Which Sima target genes might be responsible for tracheal extra sprouting was investigated in fga mutants or upon exposure of wild-type larvae to hypoxia. Northern blot analyses indicated that bnl and btl are both upregulated in mildly hypoxic larvae or fga mutants. However, bnl homozygous EGFP-labeled terminal cells of larvae exposed to hypoxia retained their branching capacity, suggesting that extra sprouting in hypoxia is not mediated by an autocrine effect of Bnl, upon Sima-dependent induction in tracheal cells. In contrast, btl is directly induced by Sima in tracheal cells, and, consistent with this, overexpression of Btl in tracheal cells was sufficient to mimic the phenotypes of larvae exposed to hypoxia. Thus, the data suggest that Sima-dependent transcriptional induction of btl in tracheal terminal cells is a critical step of the angiogenic-like response of the tracheal system in hypoxic larvae (Dekanty, 2008).

In summary, it is proposed that tracheal cells respond to hypoxia in an autonomous manner, by promoting the accumulation of Sima, which induces expression of the receptor Btl, thereby increasing sensitivity of these cells to the ligand Bnl. Concomitantly, Bnl is induced in hypoxic target tissues through a mechanism that also involves the participation of Sima, and serves to cue the outgrowth of terminal branches toward O2-starved areas (Dekanty, 2008).

During angiogenesis, vertebrate VEGF receptors are upregulated in endothelial cells of blood vessels that invade hypoxic tissues, and, particularly, Flt-1 induction is HIF dependent. Endothelial-specific overexpression of VEGF receptors might reveal to what extent this induction is a cardinal step in the angiogenic response to hypoxia (Dekanty, 2008).

Dose-dependent modulation of HIF-1alpha/sima controls the rate of cell migration and invasion in Drosophila ovary border cells

The role of the hypoxic response during metastasis was analysed in migrating border cells of the Drosophila ovary. Acute exposure to 1% O2 delayed or blocked border cell migration (BCM), whereas prolonged exposure resulted in the first documented accelerated BCM phenotype. Similarly, manipulating the expression levels of sima, the Drosophila hypoxia-inducible factor (HIF)-1alpha ortholog, revealed that Sima can either block or restore BCM in a dose-dependent manner. In contrast, over-expression of Vhl (Drosophila von Hippel-Lindau) generated a range of phenotypes, including blocked, delayed and accelerated BCM, whereas over-expression of hph (Drosophila HIF prolyl hydroxylase) only accelerated BCM. Mosaic clone analysis of sima or tango (HIF-1beta ortholog) mutants revealed that cells lacking Hif-1 transcriptional activity were preferentially detected in the leading cell position of the cluster, resulting in either a delay or acceleration of BCM. Moreover, in sima mutant cell clones, there was reduced expression of nuclear slow border cells (Slbo) and basolateral DE-cadherin, proteins essential for proper BCM. These results show that Sima levels define the rate of BCM in part through regulation of Slbo and DE-cadherin, and suggest that dynamic regulation of Hif-1 activity is necessary to maintain invasive potential of migrating epithelial cells (Doronkin, 2010).

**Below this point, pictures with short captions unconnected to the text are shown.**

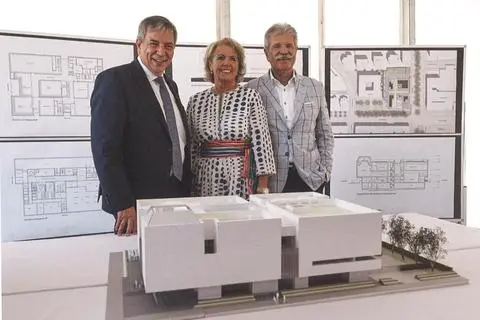 Beim Baustellenfest im August vergangenen Jahres: OB Gert-Uwe Mende, die Museumsstifter Sonja und Reinhard Ernst. 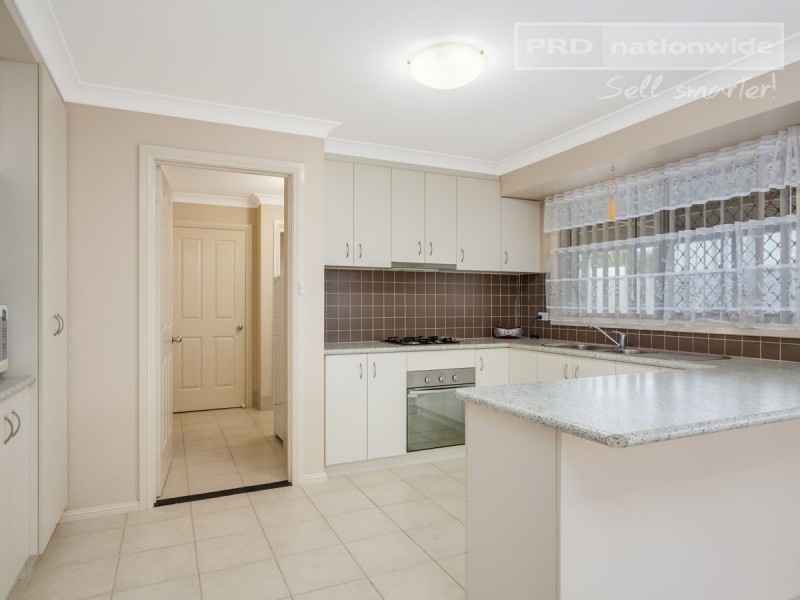 18 Barrima Drive, Glenfield Park NSW 2650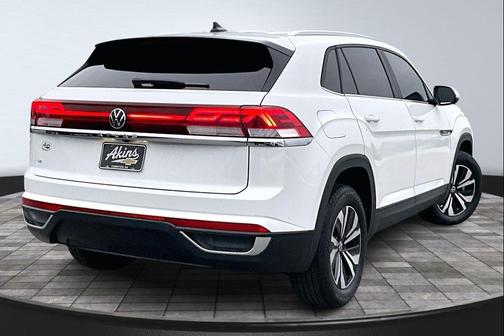 2024 Volkswagen Atlas Cross Sport 2.0T SE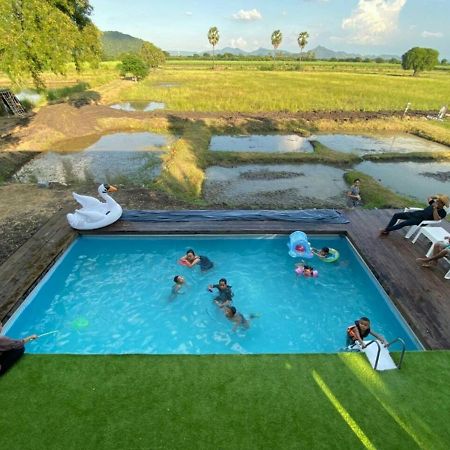 Wanlapa Farmstay Ban Khok Krathiam Exterior foto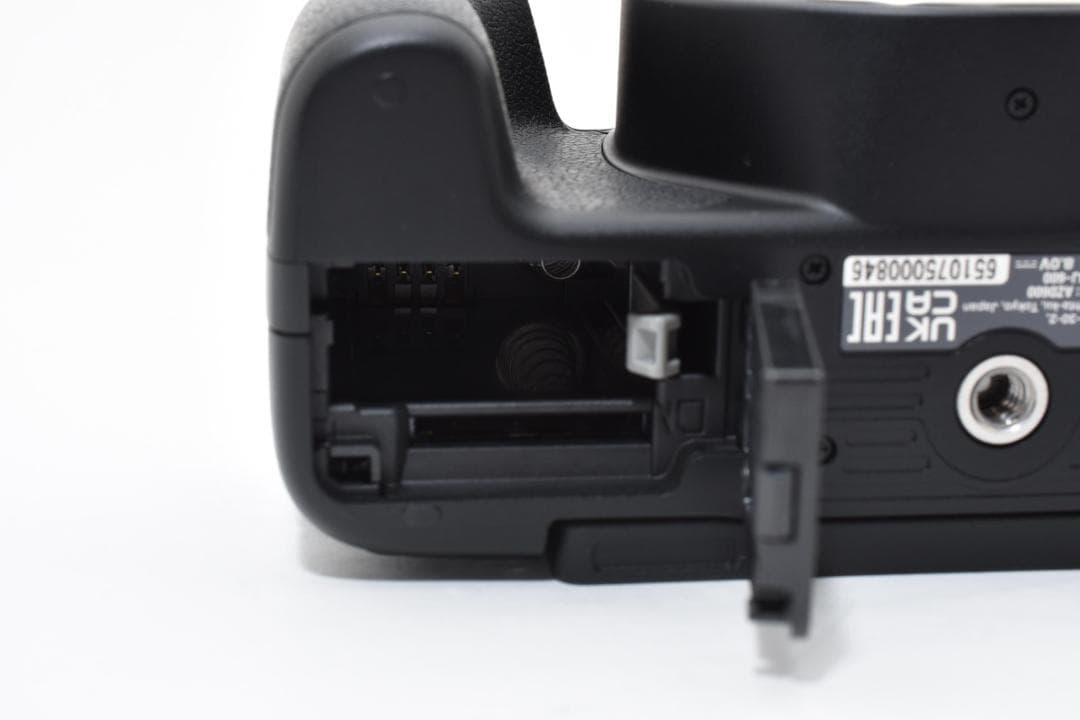 ほぼ新品 Canon EOS Kiss X10 ボディ S数107回 1413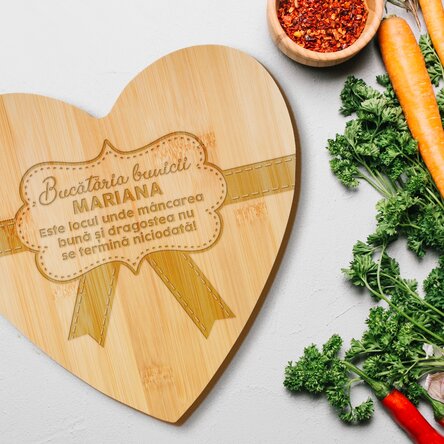 Tocător în formă de inimă personalizat cu text - Bucătăria bunicii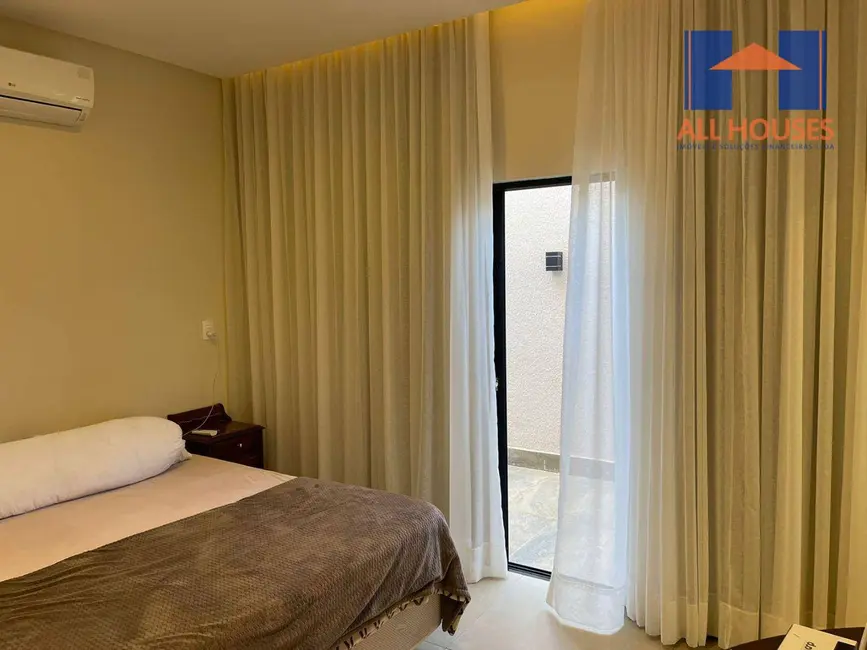 Foto 5 de Casa de Condomínio com 3 quartos à venda, 360m2 em Senador Canedo - GO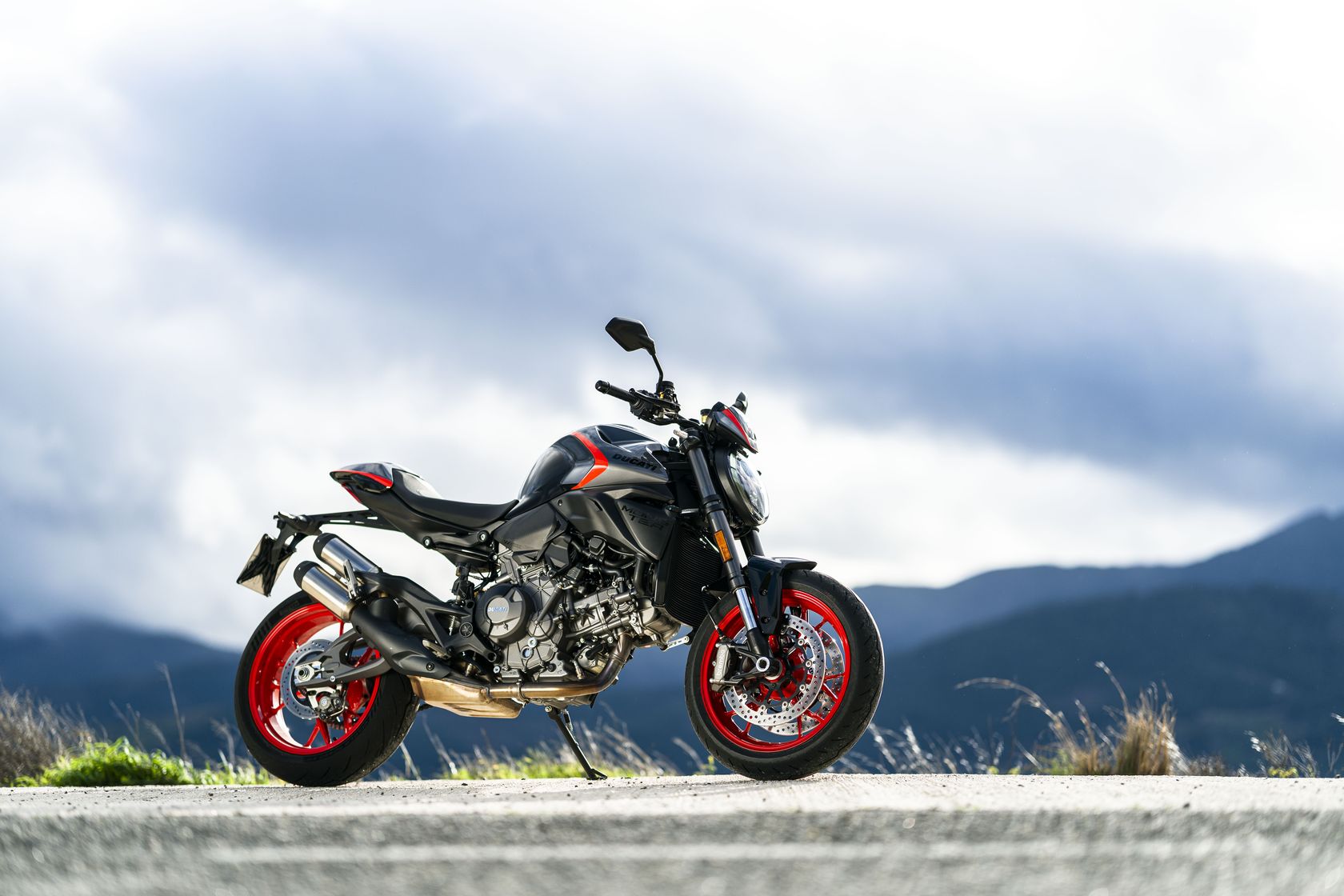 Ducati Monster Sport 2026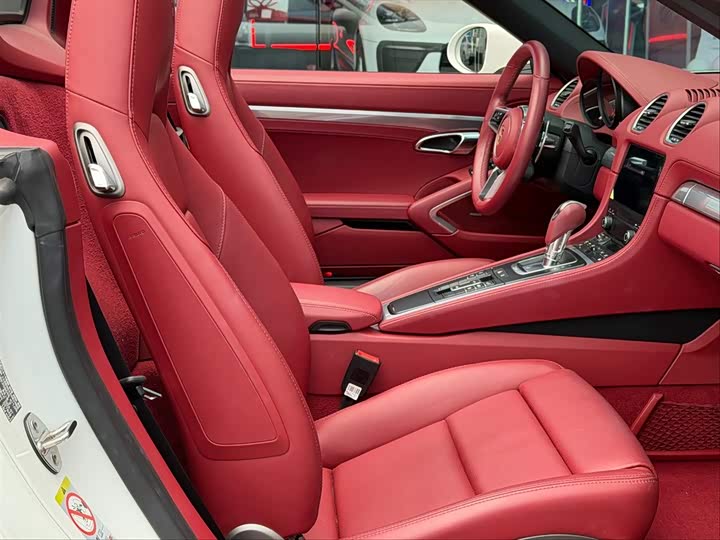 Фото 6 - Porsche 718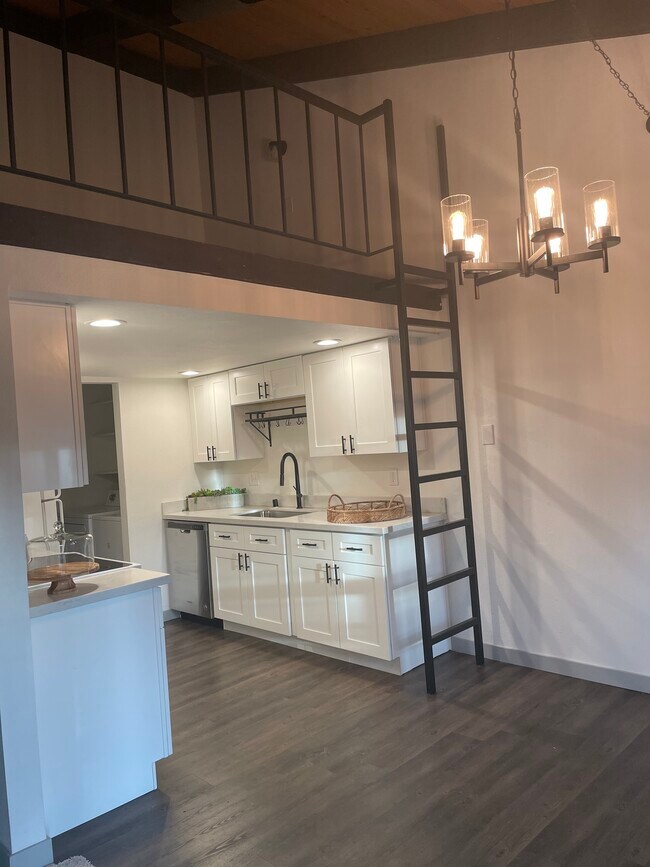 Foto del edificio - 7306 N Skyview Ln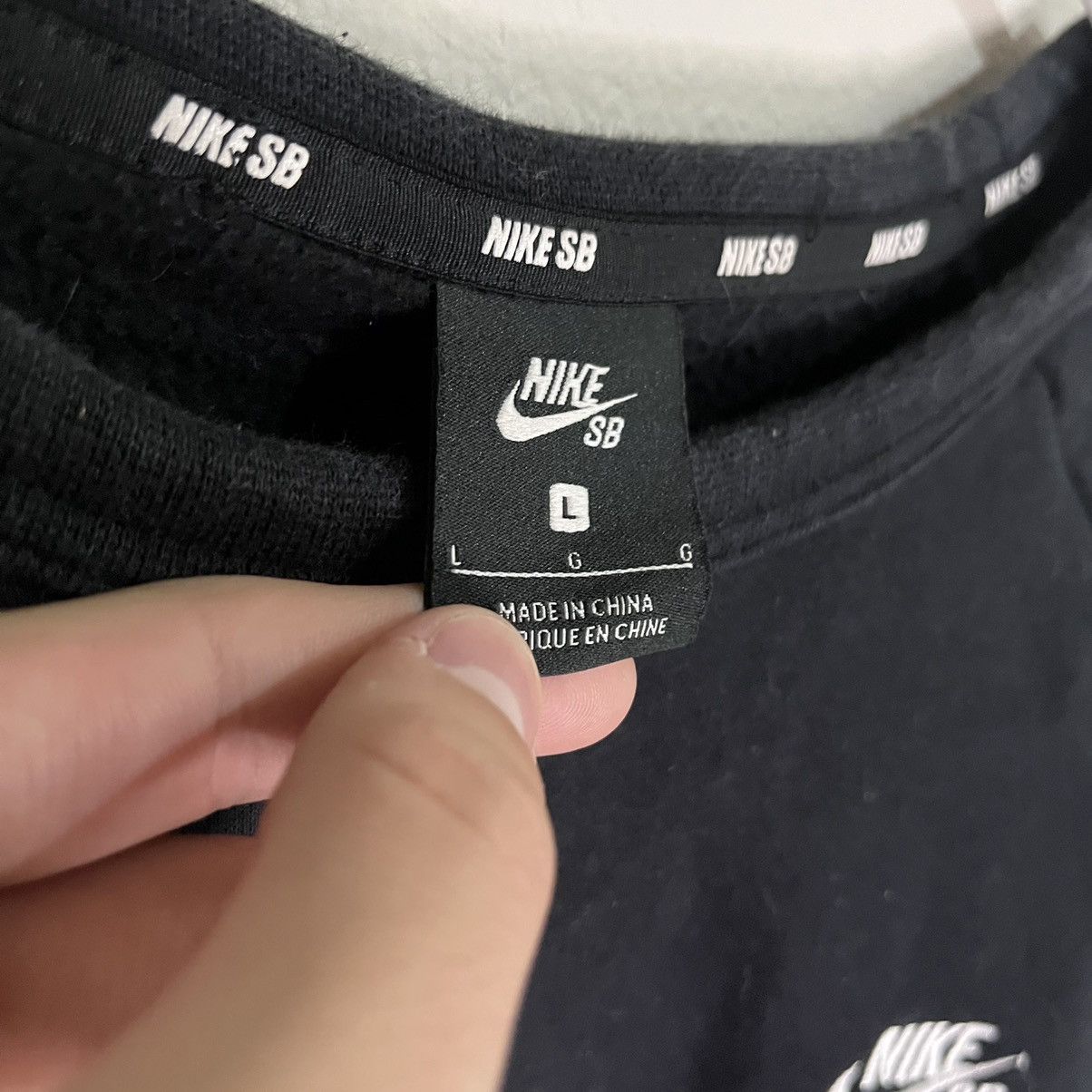 Nike 2000’s Nike SB Black Crewneck Sweatshirt Large Size US L / EU 52-54 / 3 - 2 Thumbnail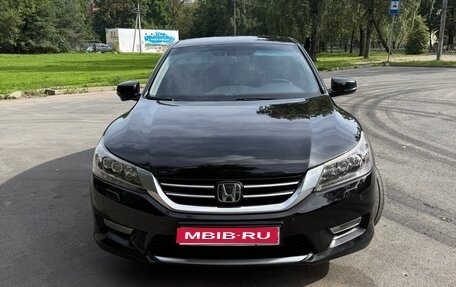 Honda Accord IX рестайлинг, 2013 год, 1 430 000 рублей, 1 фотография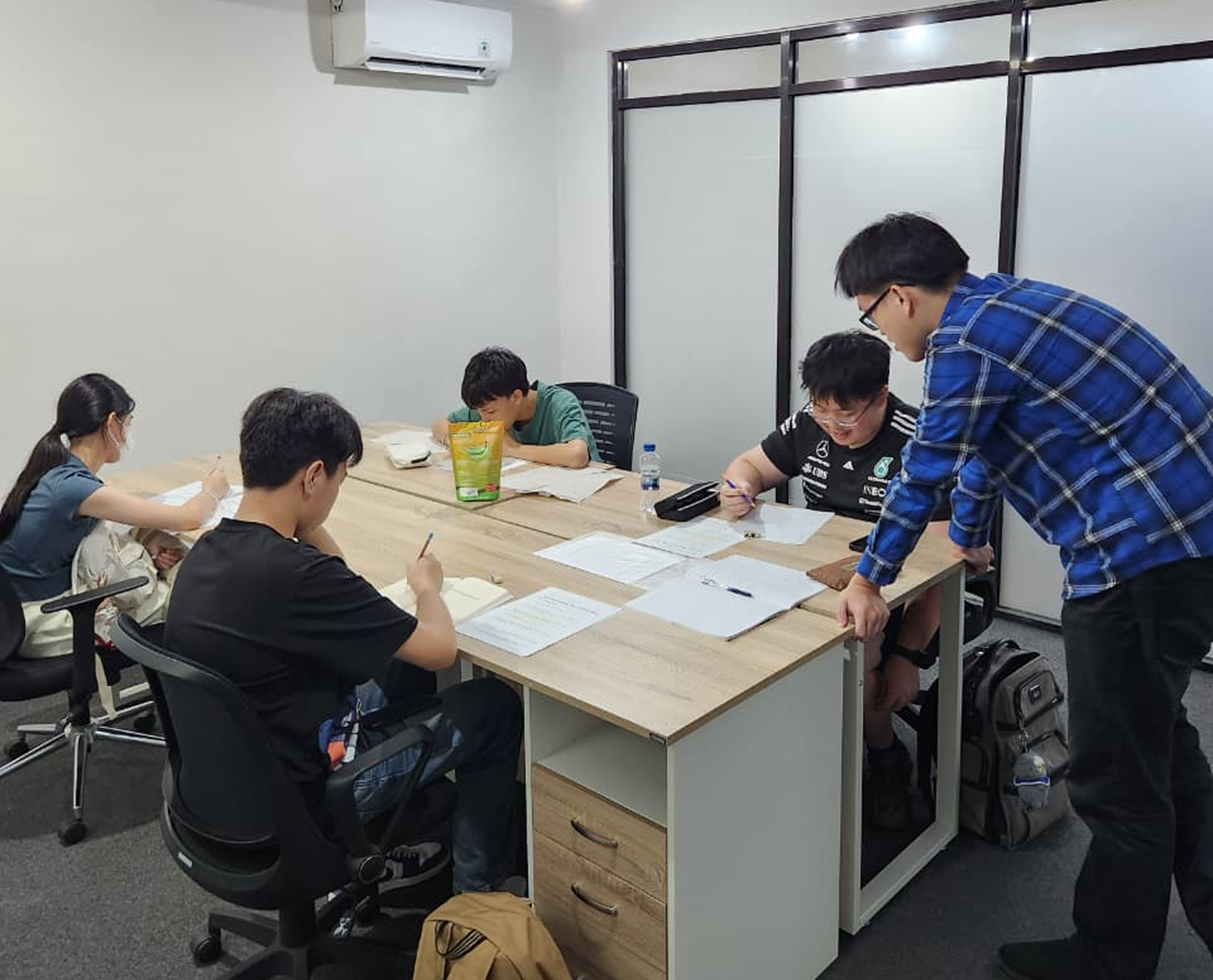 Students studying at Star Generation
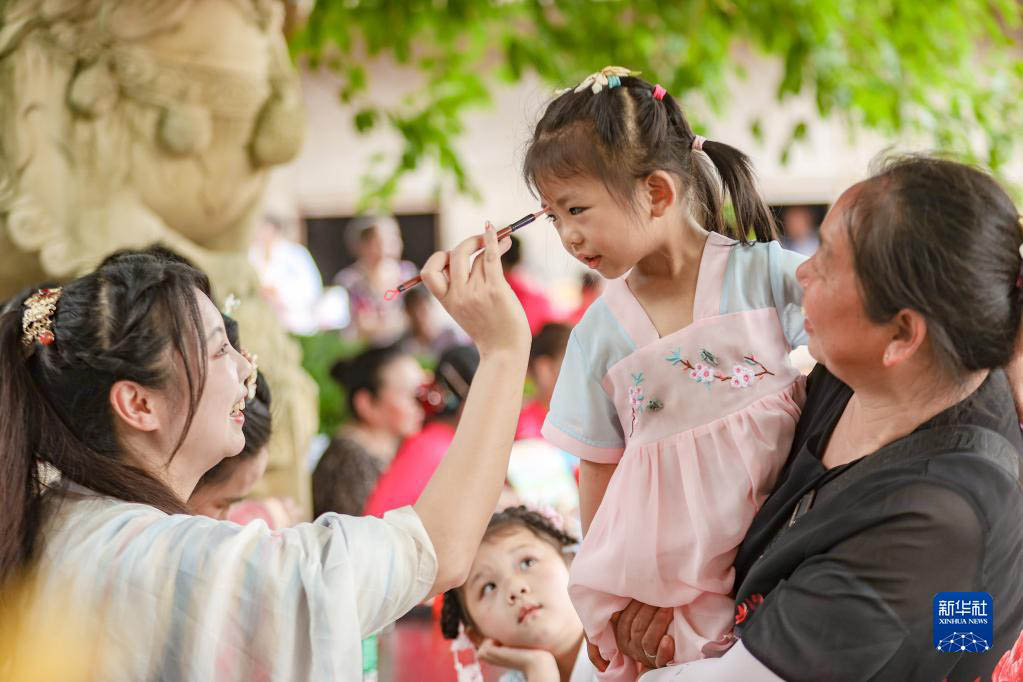 3日は端午の節句　中國各地でお祝い行事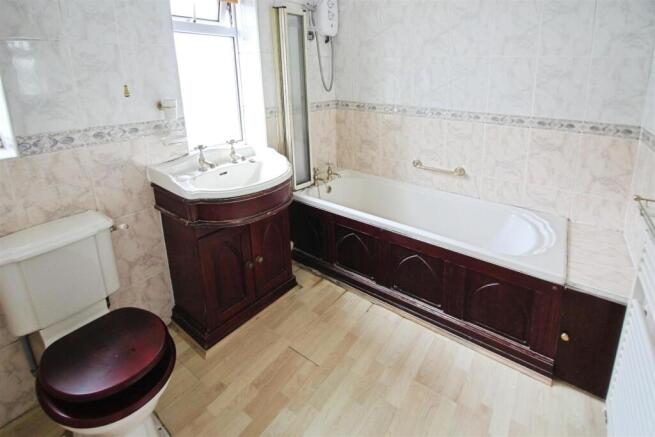 4 bed Semi-Detached for sale Image 12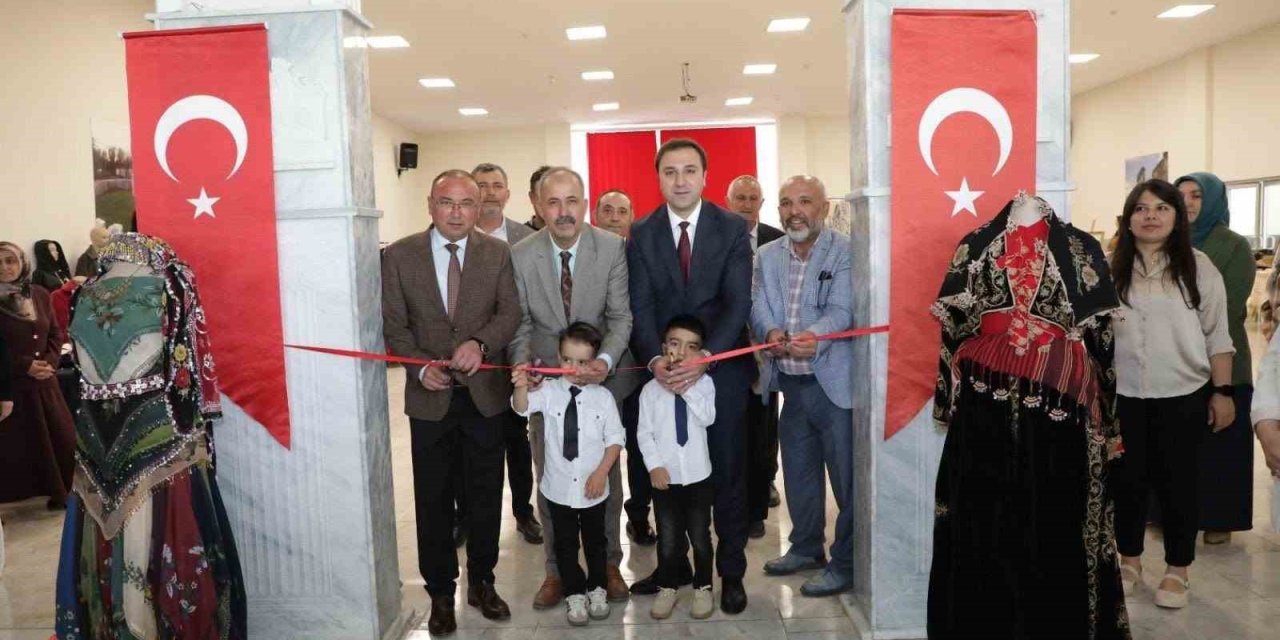 Çavdarhisar’da yılsonu sergisi açıldı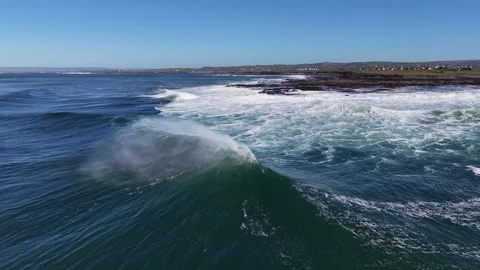 4K Aerial Ocean Wave Breaking Near Coastal Shoreline 库存影片 333704088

HIF- and non-HIF-regulated hypoxic responses require the estrogen-related receptor in Drosophila melanogaster

Low-oxygen tolerance is supported by an adaptive response that includes a coordinate shift in metabolism and the activation of a transcriptional program that is driven by the hypoxia-inducible factor (HIF) pathway. The precise contribution of HIF-1a in the adaptive response, however, has not been determined. This study investigate how HIF influences hypoxic adaptation throughout Drosophila melanogaster development. Hypoxic-induced transcriptional changes were found to be comprised of HIF-dependent and HIF-independent pathways that are distinct and separable. Normoxic set-points of carbohydrate metabolites are significantly altered in sima mutants, and these animals are unable to mobilize glycogen in hypoxia. Furthermore, it was found that the estrogen-related receptor (dERR), which is a global regulator of aerobic glycolysis in larvae, is required for a competent hypoxic response. dERR binds to dHIFa and participates in the HIF-dependent transcriptional program in hypoxia. In addition, dERR acts in the absence of dHIFa in hypoxia and a significant portion of HIF-independent transcriptional responses can be attributed to dERR actions, including upregulation of glycolytic transcripts. These results indicate that competent hypoxic responses arise from complex interactions between HIF-dependent and -independent mechanisms, and that dERR plays a central role in both of these programs (Li, 2013).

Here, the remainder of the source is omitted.